[Supplied data]:
· · · · · · ·

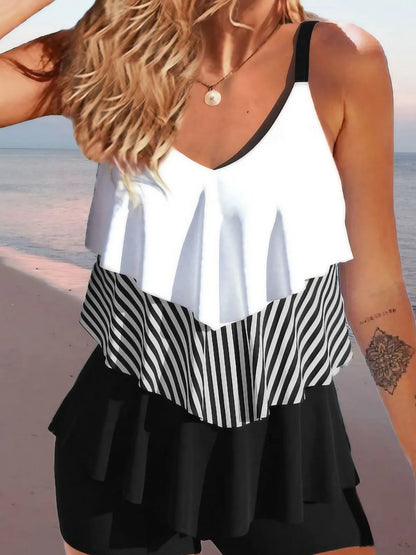 Women's backless sleeveless bikini swimsuit with ruffles and spaghetti straps in a floral pattern.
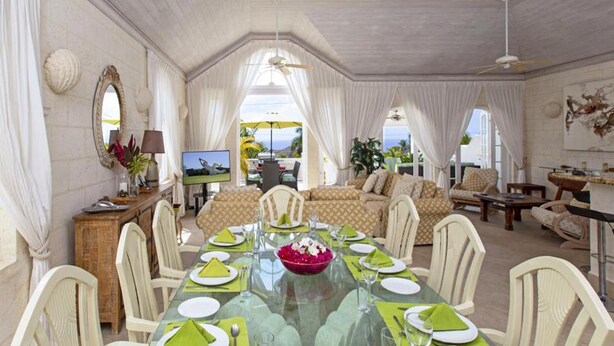 Un comedor con una mesa de vidrio preparada para seis personas, rodeada de sillas blancas. En el fondo, hay un sofá y un televisor.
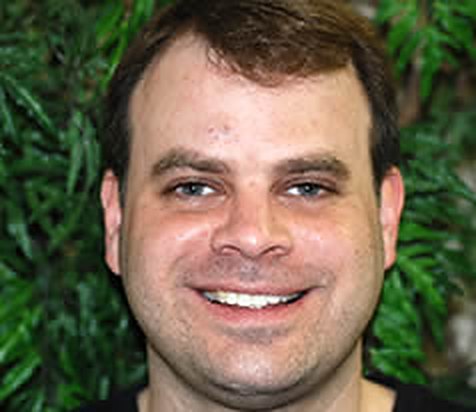 After: John T.'s smile, natural-looking front teeth, not retouched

· · · · · · ·

[Task requirements]:
Would you write out all of the data exactly as it stands, without the pictures?

[Task answer]:
 Women's backless sleeveless bikini swimsuit with ruffles and spaghetti straps in a floral pattern.
 Un comedor con una mesa de vidrio preparada para seis personas, rodeada de sillas blancas. En el fondo, hay un sofá y un televisor.
 After: John T.'s smile, natural-looking front teeth, not retouched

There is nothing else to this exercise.